As you can see here, though the number of pages in buffer is same before and after re-insertion, the bufferpool per index stats denote as it they are doubled. As the current behavior increments on btr_create_page ( which can be called while reusing the existing freed page ) and not decrementing the counter during btr_free_page.

Suggested fix:
Author: Pranay Motupalli <pranay@Pranays-Mac-mini.local>
Date:   Wed Nov 13 11:05:23 2024 -0800

    Decrement Bufferpool Per Index Stats during btr_free_page

diff --git a/storage/innobase/btr/btr0btr.cc b/storage/innobase/btr/btr0btr.cc
index 061a6f11fd2..eb1fe67f21d 100644
--- a/storage/innobase/btr/btr0btr.cc
+++ b/storage/innobase/btr/btr0btr.cc
@@ -607,6 +607,10 @@ void btr_page_free(dict_index_t *index, /*!< in: index tree */
   ut_ad(fil_page_index_page_check(block->frame));
   ut_ad(level != ULINT_UNDEFINED);
   btr_page_free_low(index, block, level, mtr);
+
+  if (level == 0) {
+    buf_stat_per_index->dec(index_id_t(index->space, index->id));
+  }
 }

 /** Sets the child node file address in a node pointer. */
[14 Nov 2024 7:10] MySQL Verification Team
Hello Pranay,

Thank you for the report and feedback.

regards,
Umesh
[25 Apr 2025 16:55] Morgan Tocker
Cross-linking to https://bugs.mysql.com/bug.php?id=112075 where this was previously reported and closed as a docs bug.

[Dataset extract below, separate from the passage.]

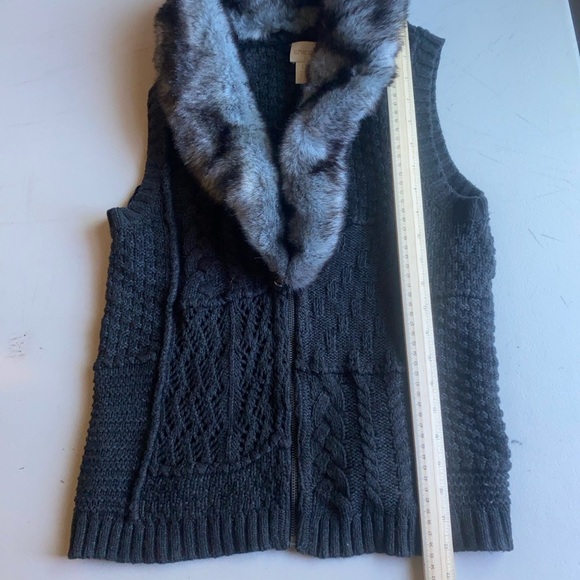Chico’s Black Knit Sweater Vest w/ Faux Fur Collar Size 0 (S) - Picture 10 of 11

(It's not a docs bug. These statistics are used by the optimizer to compute costs).
[12 Jun 12:43] Jakub Lopuszanski
Posted by developer:
 
I believe this is the same bug as previously reported as
[Bug#30164033: N_CACHED_PAGES IN INFORMATION_SCHEMA.INNODB_CACHED_INDEXES ONLY INCREASES](https://mybug.mysql.oraclecorp.com/orabugs/site/bug.php?id=30164033)
and
[Bug#35718252: innodb_cached_indexes.n_cached_pages reports crazy high numbers](https://mybug.mysql.oraclecorp.com/orabugs/site/bug.php?id=35718252)

The problem seems real, and has to do with the fact that there are several different concepts we often refer to as "freeing a page", and they got mixed up in such a way, that a page might get freed in the sense of being removed from B-tree index, but still remain in the BP's hashtable addressed by its page_id, i.e. not added to the BP's free list. Then it could be added back to the B-tree, by btr_page_create(), which would inc() the stats again(), leading to double-counting it. The dec()s happen only when a page buffer is moved to the BP's free list.

The intent from the code seems to be to properly track the number of pages from a given index which are currently in the BP's hashmap, which is in line with the old documentation, it's just that this edge case of reusing a page was missed.
I'll be fixing it using Bug#30164033 which is the oldest bug report for this issue which I could find.